Protecting the wellbeing of residents living in Houses in Multiple Occupation (HMOs), and protecting the borough housing stock from being relentlessly carved up into HMOs, are issues Waltham Forest Council is working increasingly hard to address.

An HMO is a house which is occupied by people who do not form a single household – houses let as individual bed sitting rooms or where houses are converted into self-contained flats, for example.

At the start of this year the Council confirmed that it would introduce something called an ‘Article 4 Direction’ borough wide. This will remove ‘permitted development rights’, which allow a landlord to change a property from a single dwelling to an HMO without having to get planning permission.

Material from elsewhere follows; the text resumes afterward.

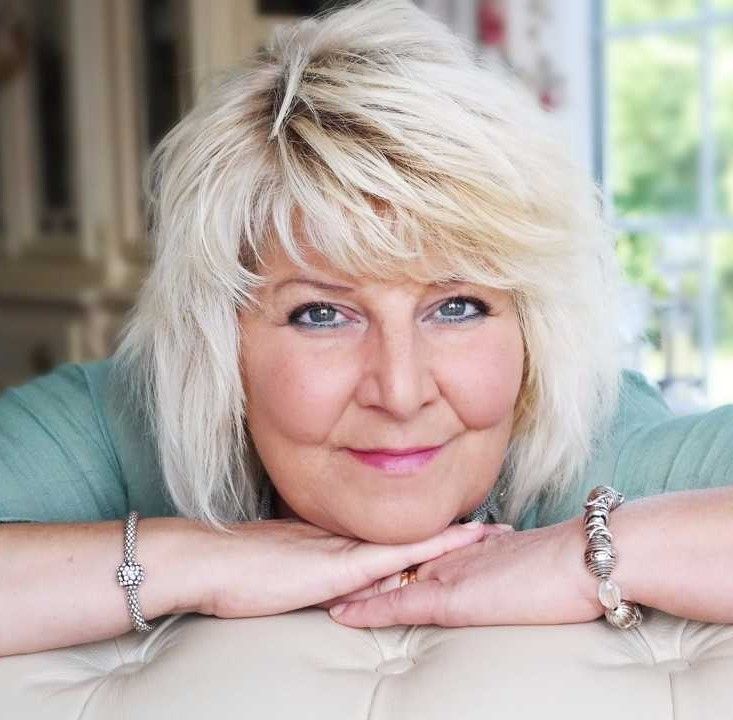 Gem - Klarsynte & spådom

From 16 September landlords will have to gain planning permission each and every time they consider making such a change. “It will give us much greater control over what is happening to the housing stock in the borough,” explained Councillor Clare Coghill, Cabinet Member for Economic Growth and High Streets.

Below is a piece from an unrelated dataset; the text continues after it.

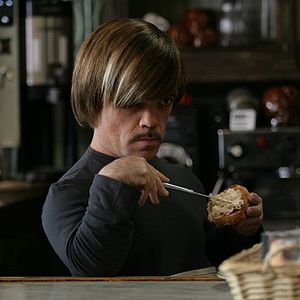 Fotoğraf Aşka Dair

“It’s really important that we retain valuable single household dwellings and ensure that HMOs meet certain standards. Landlords need to consider things like means of escape in case of fire, amenities such as kitchens, bathrooms and toilets, and ensuring that the property is not overcrowded.”

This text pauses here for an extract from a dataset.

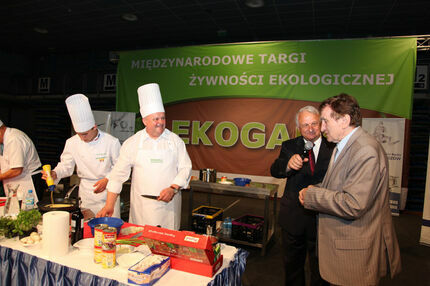 Powiększ zdjęcie psst-ekogala-2012-364.jpg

Already landlords of certain types of HMOs must license their property with the Council, but this will extend the powers of the local authority to stop those landlords intent on simply maximising their profits by breaking up single dwelling properties into many different units.

Where landlords do not apply for a licence when they should, or their properties fall below the standards set by the Council, action will be taken. Habitable accommodation needs to be safe and in keeping with the surrounding properties and only by going through the relevant planning process can the Council determine whether granting permission is appropriate.